### What you have to do
Once the pictures are set aside, reproduce all of the records exactly.

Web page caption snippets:

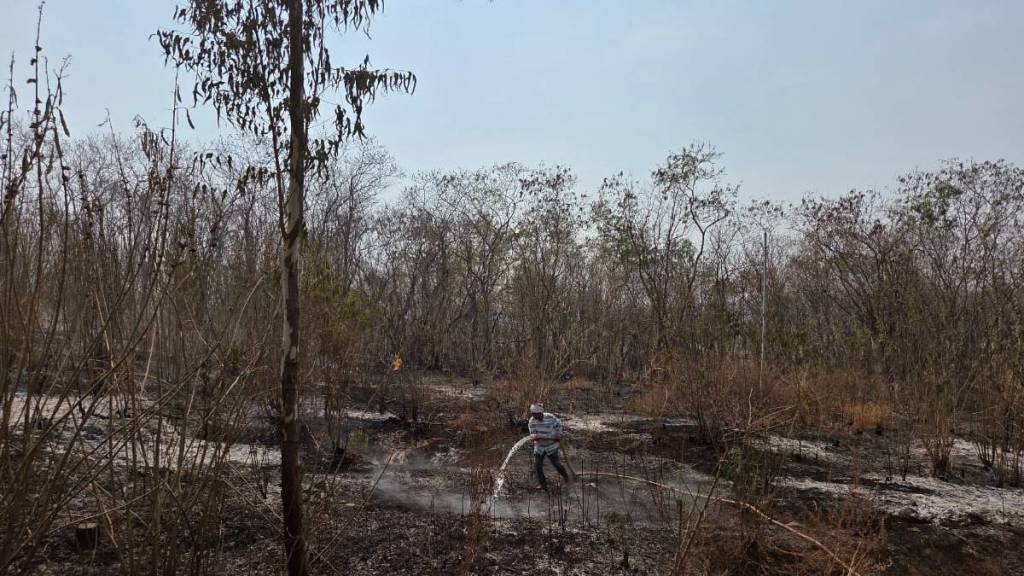 Rare plants and trees burnt due to fire at Durga Hill Lonar news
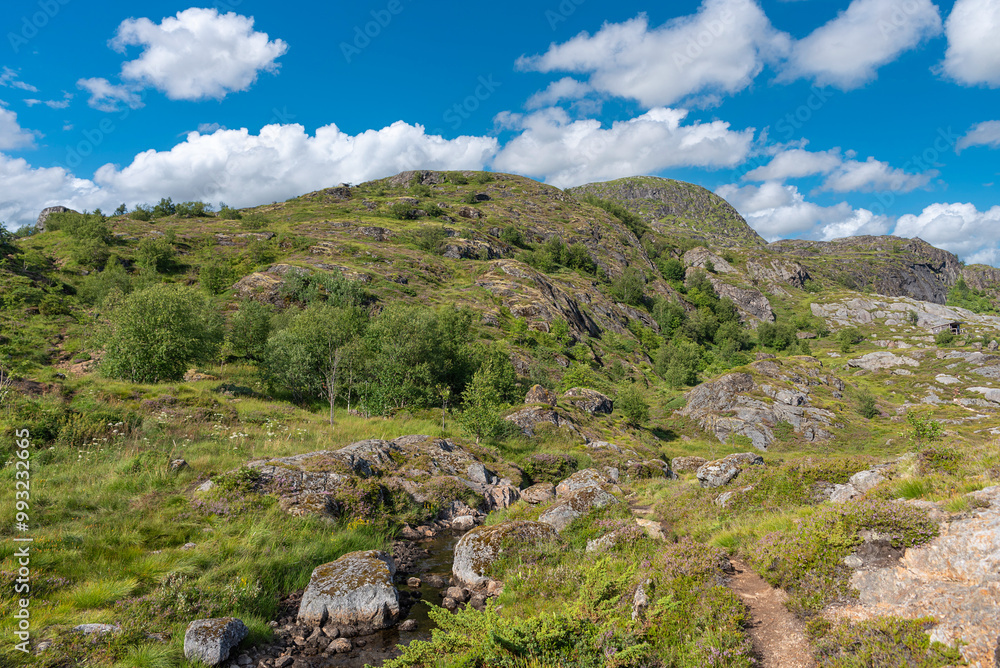 Landscape with mountain stream Studalselva near Munkebu-stig. Sorvagen in Lofoten district of Norway Landscape with mountain stream Studalselva near Munkebu-stig. Sorvagen in Lofoten district of Norway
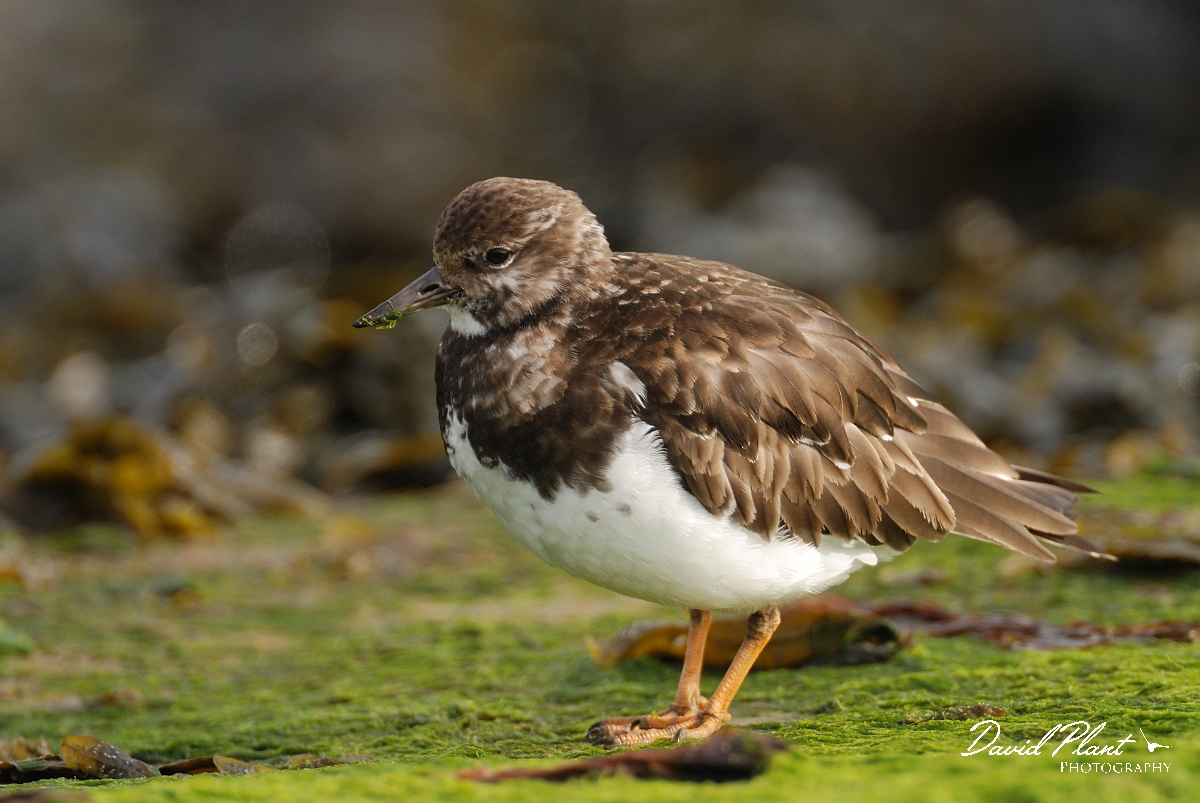 David Plant Photography - Wildlife Photography - Turnstone - K.jpg - Turnstone - Suffolk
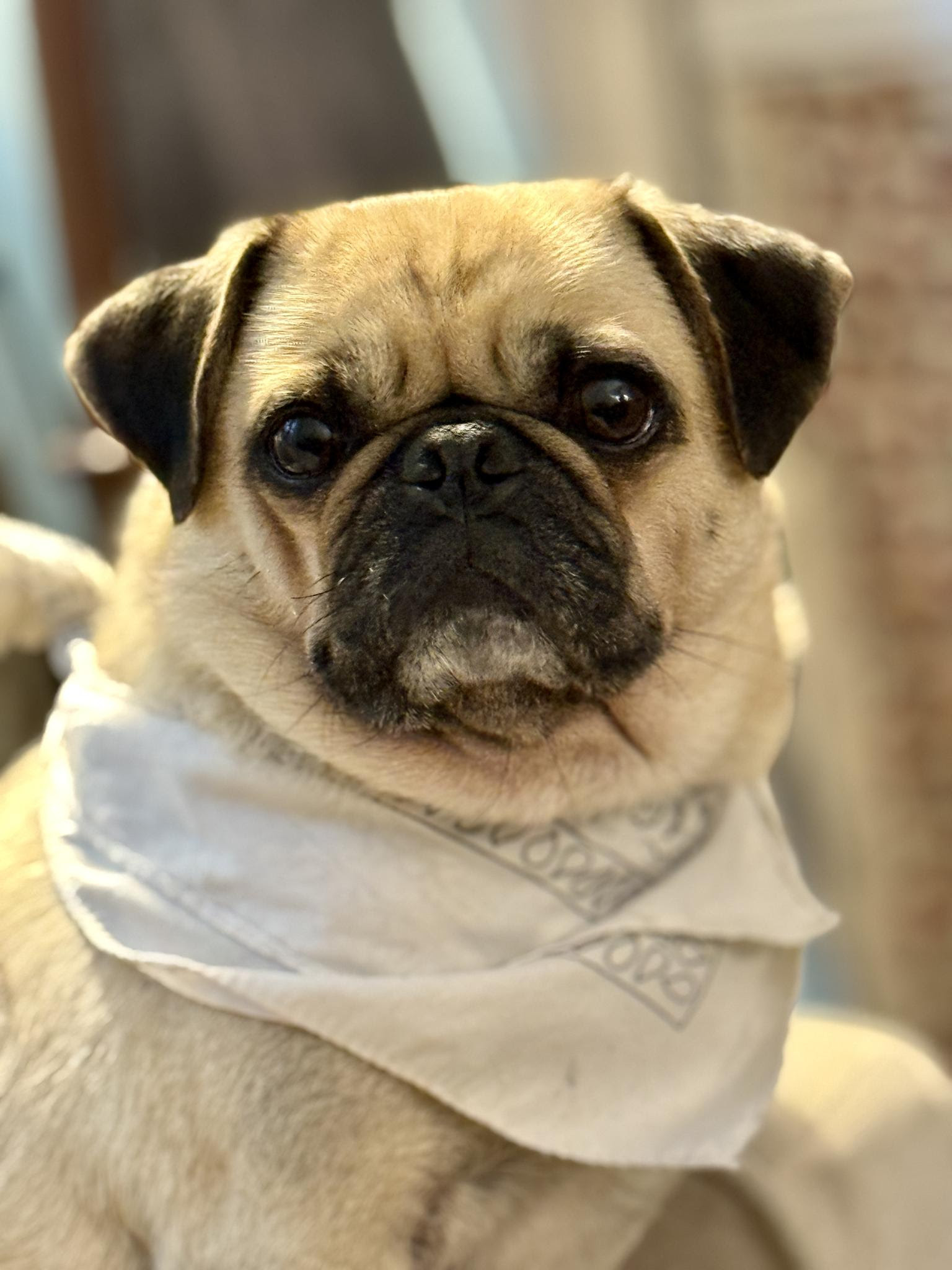 Are you there, Snacks? It's me, Dolly.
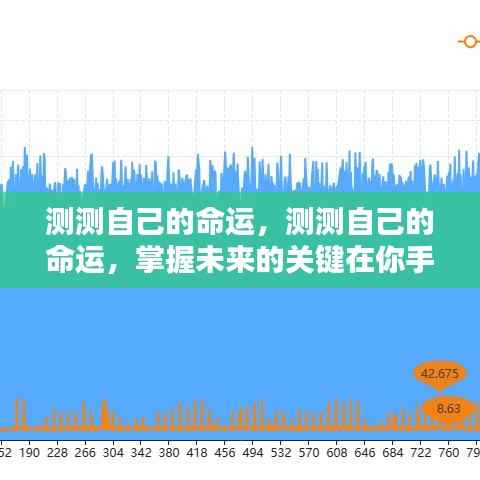 掌握命运之轮,自我测试揭示未来走向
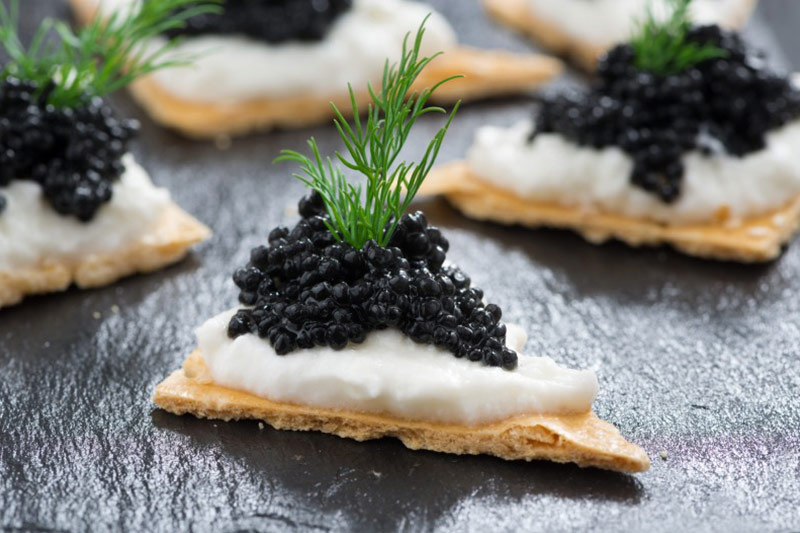 CAVIAR: 10 Fun Facts Every Caviar Lover Should Know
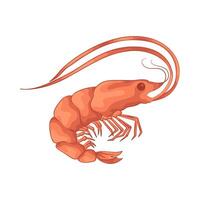 illustration of Fresh Red Shrimp vector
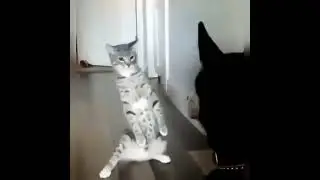 Смешные котики и собачки 🐾 / Funny Animal Moments 2025 | Угарные пушистики для всех🐱🐶#shorts  #коты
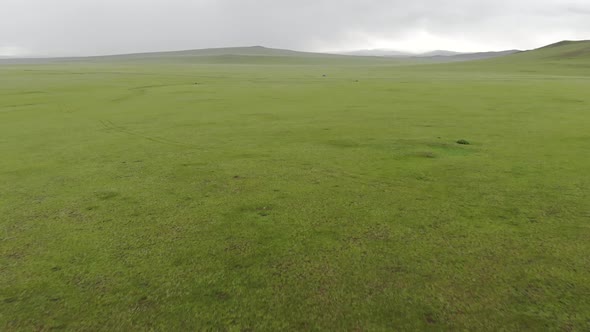 Vast Large Meadow After the Rain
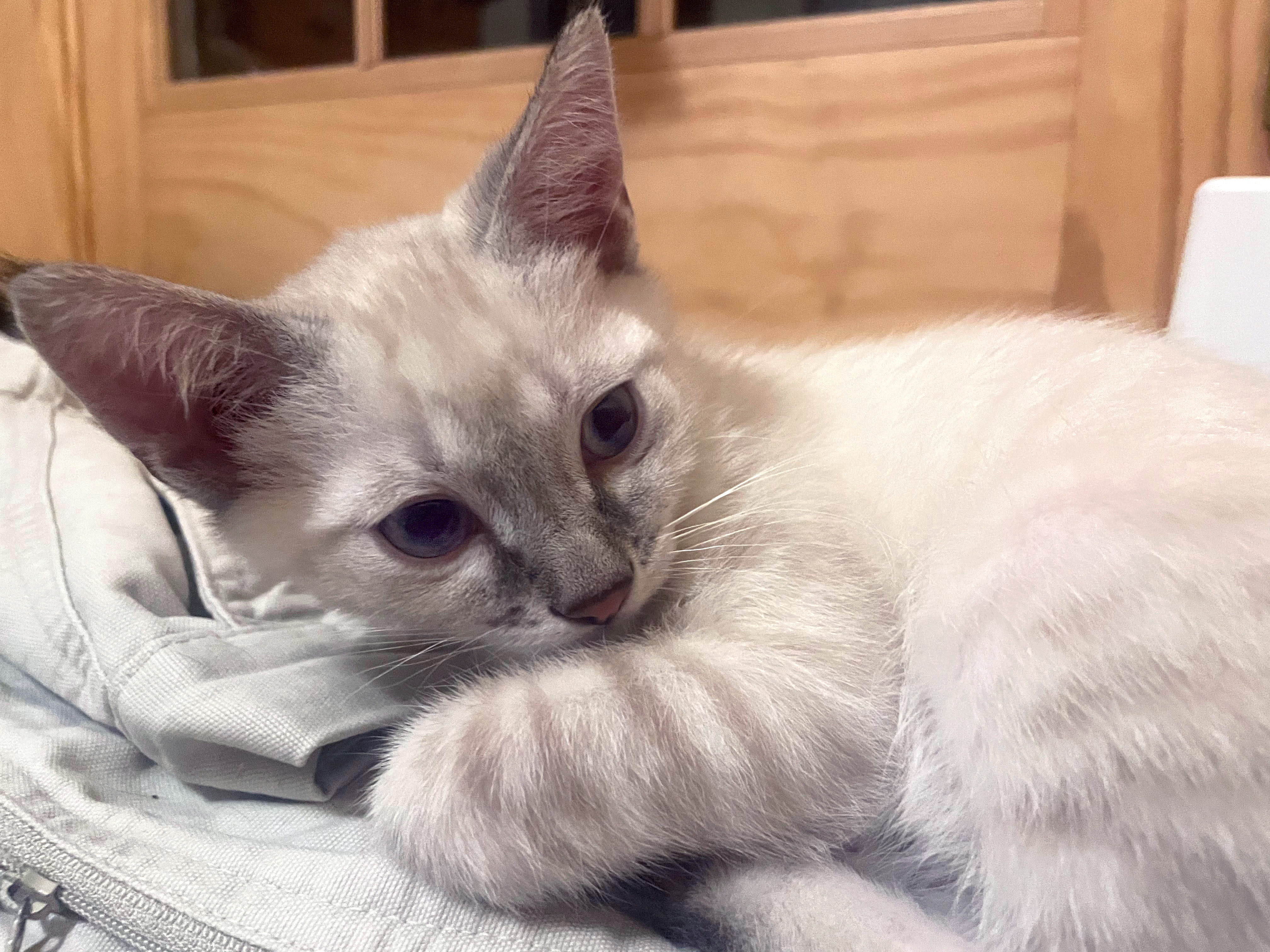 Frosty, Adopted, Kitten Male Siamese.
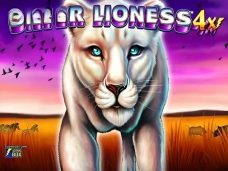 Silver Lioness 4x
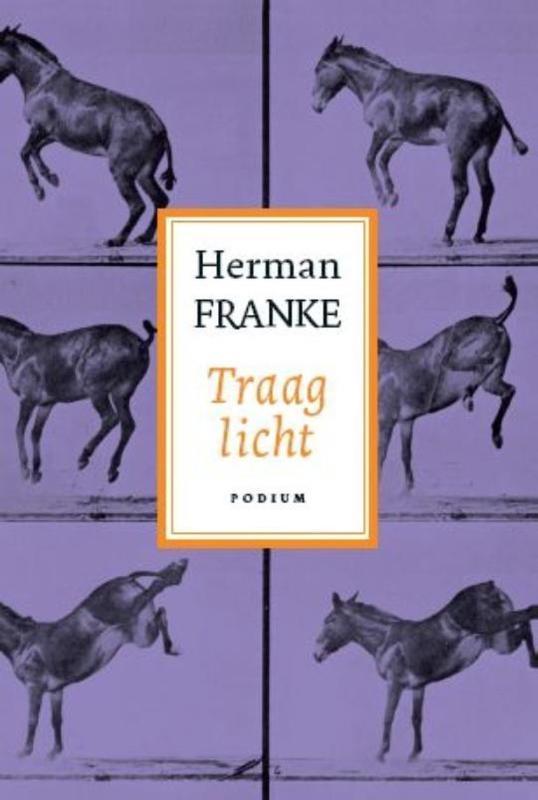 Traag licht / Voorbij ik en waargebeurd / 3 9789057594045, Boeken, Romans, Zo goed als nieuw, Verzenden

### Response for this exercise
 Rare plants and trees burnt due to fire at Durga Hill Lonar news
 Landscape with mountain stream Studalselva near Munkebu-stig. Sorvagen in Lofoten district of Norway Landscape with mountain stream Studalselva near Munkebu-stig. Sorvagen in Lofoten district of Norway
 David Plant Photography - Wildlife Photography - Turnstone - K.jpg - Turnstone - Suffolk
 Are you there, Snacks? It's me, Dolly.
 掌握命运之轮,自我测试揭示未来走向
 CAVIAR: 10 Fun Facts Every Caviar Lover Should Know
 illustration of Fresh Red Shrimp vector
 Смешные котики и собачки 🐾 / Funny Animal Moments 2025 | Угарные пушистики для всех🐱🐶#shorts  #коты
 Vast Large Meadow After the Rain
 Frosty, Adopted, Kitten Male Siamese.
 Silver Lioness 4x
 Traag licht / Voorbij ik en waargebeurd / 3 9789057594045, Boeken, Romans, Zo goed als nieuw, Verzenden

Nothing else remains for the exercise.